SUPPLIED ENTRIES START
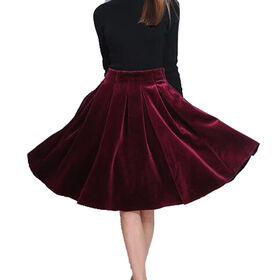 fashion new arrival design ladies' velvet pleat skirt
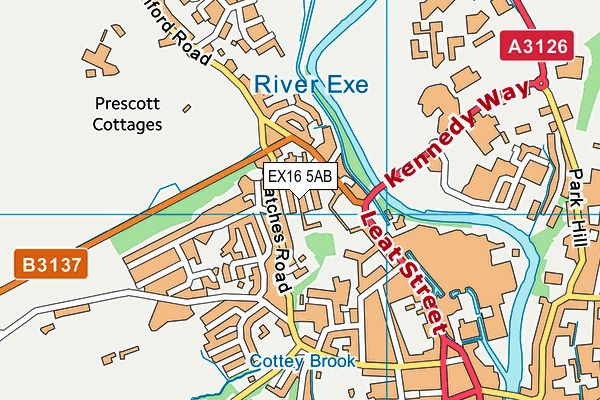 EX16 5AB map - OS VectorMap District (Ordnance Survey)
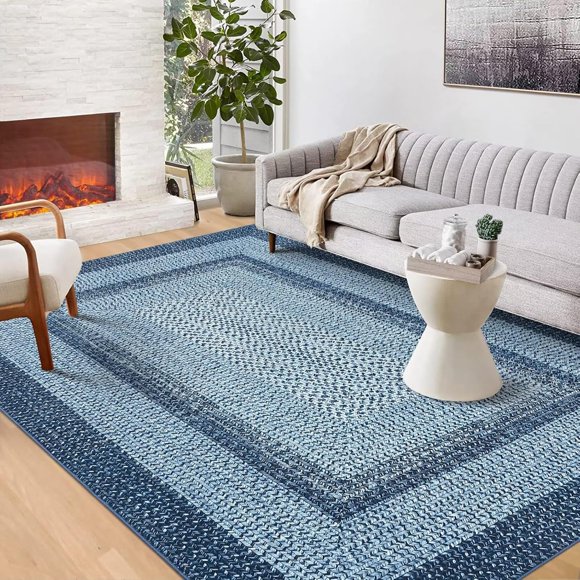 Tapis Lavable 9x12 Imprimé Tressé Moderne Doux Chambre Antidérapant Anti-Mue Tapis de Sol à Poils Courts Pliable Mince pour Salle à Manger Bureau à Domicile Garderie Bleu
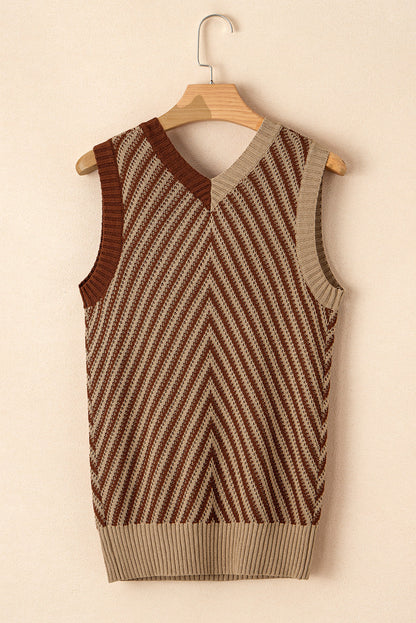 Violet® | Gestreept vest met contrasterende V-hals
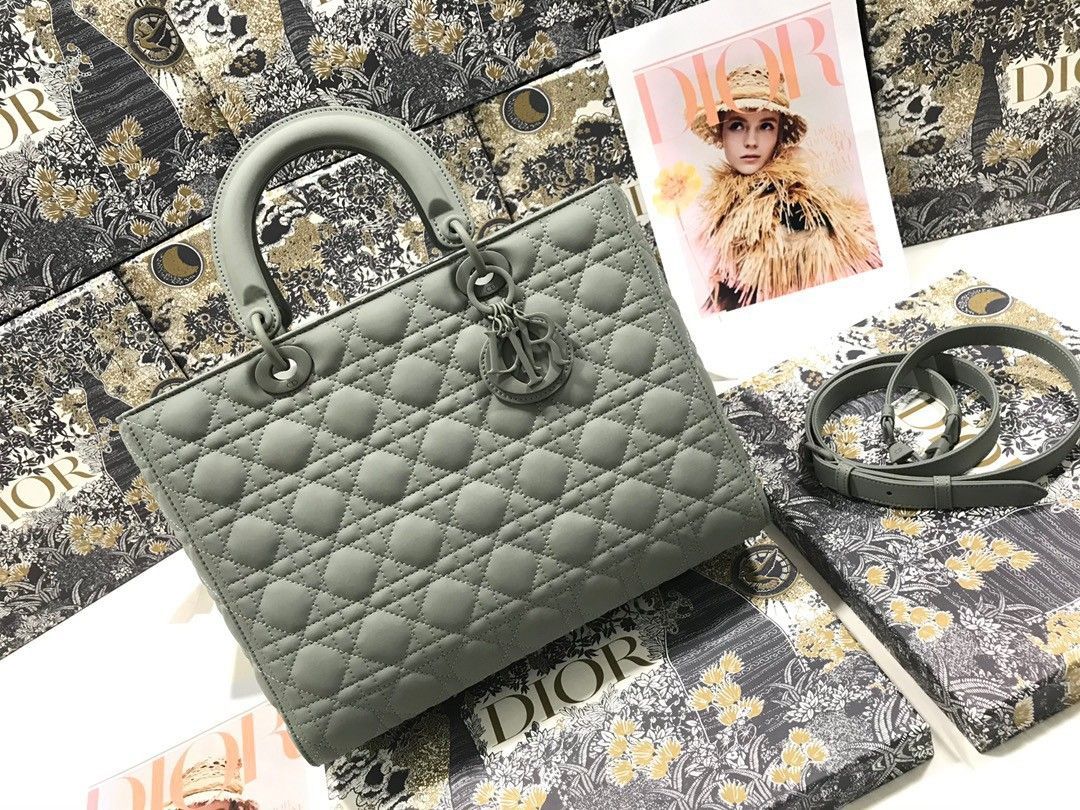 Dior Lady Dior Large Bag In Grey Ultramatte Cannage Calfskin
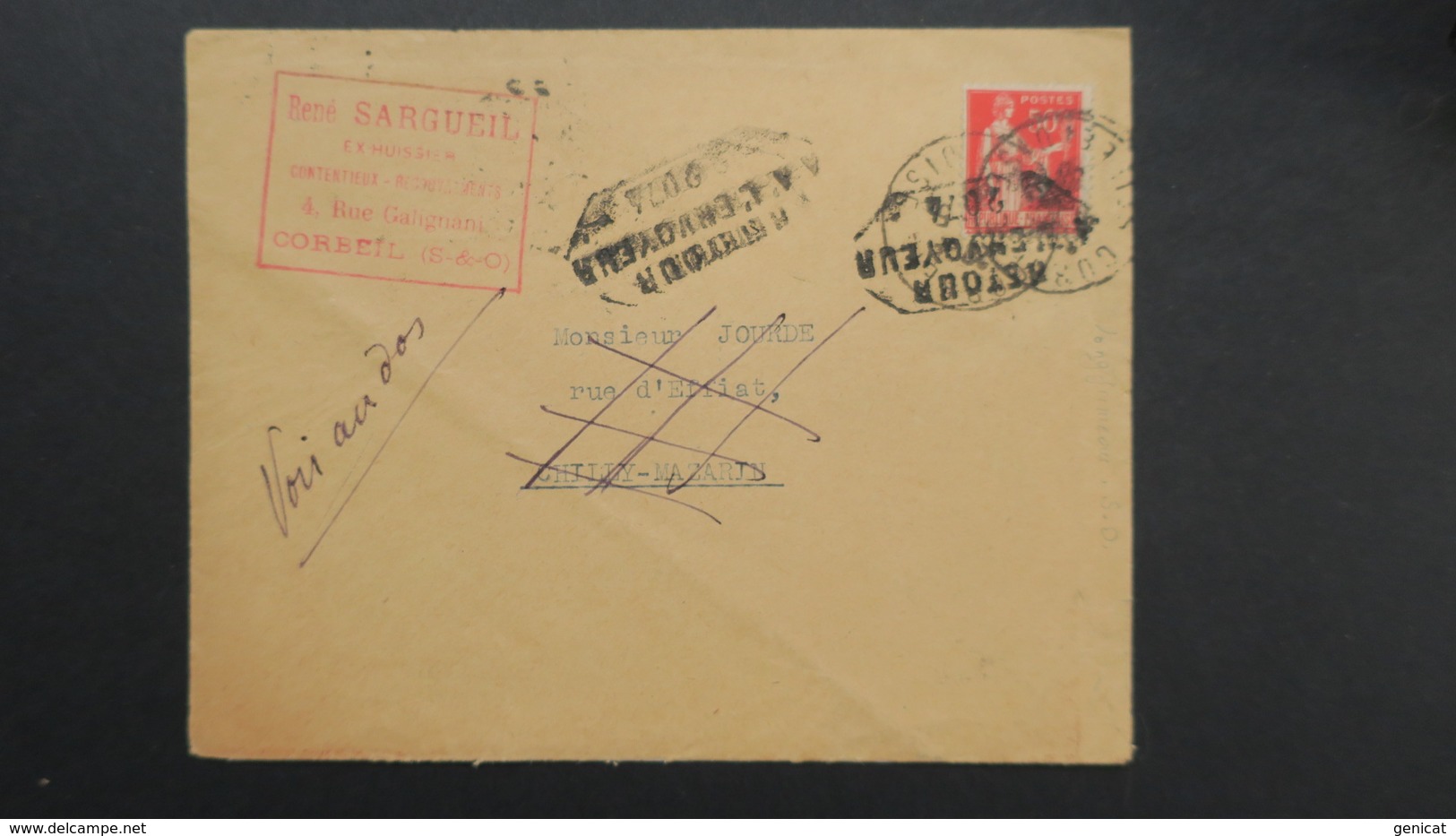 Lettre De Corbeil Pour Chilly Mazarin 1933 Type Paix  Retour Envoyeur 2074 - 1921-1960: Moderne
SUPPLIED ENTRIES END
TASK GOAL: Restate word for word every line from the one with "Tapis Lavable 9x12" up to and including the one with "Dior Lady Dior" in the records above, minus the pictures.

RESULT OF THE EXERCISE:
 Tapis Lavable 9x12 Imprimé Tressé Moderne Doux Chambre Antidérapant Anti-Mue Tapis de Sol à Poils Courts Pliable Mince pour Salle à Manger Bureau à Domicile Garderie Bleu
 Violet® | Gestreept vest met contrasterende V-hals
 Dior Lady Dior Large Bag In Grey Ultramatte Cannage Calfskin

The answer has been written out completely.